Gastronomy and fish

Gastronomy and fish

The ocean is a huge larder for Basque cuisine. The Basques, together with the Japanese, are two of the most important fish-consuming lands on earth, even today. The Basque coast has always abounded in high-quality shellfish:king prawns from Armintza in Bizkaia or Igeldo in Donostia-San Sebastián are an example of excellence, as well as the fine clams from Urdaibai and the gooseneck barnacles from its rocky shores. Its may varieties of squid, are consumed in season, and their peculiar black ink has made them world famous.

The fishing ports

The very nature of the Basque Country, enamoured of its traditions and customs, still maintains an activity that has evolved considerably over the past few years. Its fishing ports still have their colourful, exotic fishing boats that are dedicated to the daily task of going out to sea to catch one of the main pillars of our gastronomy.
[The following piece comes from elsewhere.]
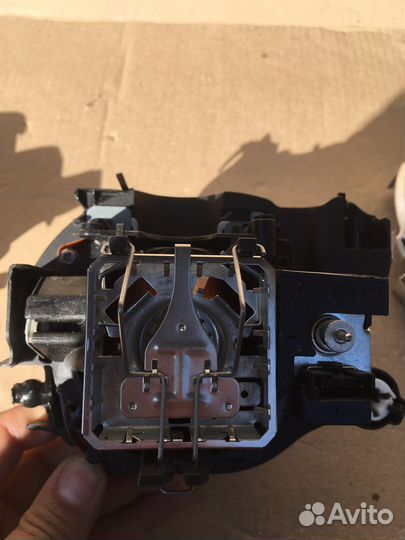 Линзы в фары Audi Q3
From Zierbana or Algorta, continuing on through the ports of Plentzia, Bermeo, Mundaka, Elantxobe, Lekeitio, Armintza, Mutriku, Zumaia, Getaria, Orio, Donostia, Hondarribia... the whole Basque coast is dotted with tiny towns that, together with the picturesque coastal villas, thrive on a gastronomy that is based on fish.

Near the docks are many family-owned restaurants that share out the work among them, as in olden days.In the kitchen, it is customary for the women to prepare fish soups and homemade dishes. In the rotisseries, the men usually take over the charcoal grilling to ensure the fish are grilled to a turn, enhancing the delicious taste of the turbot, blackspot seabream, hake, horse mackerel and anglerfish.

Dishes in which the fresh, exquisite raw material is subjected to a skilled hand, ensuring a balance between fire and water with just a light dressing of olive oil,lightly fried with garlic and the traditional secret of each restaurant.

Our fishs

A wild, raging sea produces high-quality fish. It is easy to find sea bass, blackspot seabream, scorpion fish, red mullet, among others, in the fish market of the ports, that can usually be bought from the sales establishments and enjoyed in nearby rotisseries. The most important fish were permanently associated with the saint’s day calendar that marked the fishing seasons, the "costeras". A period in which the arrantzaleak (fishermen) devoted themselves to catching the different species.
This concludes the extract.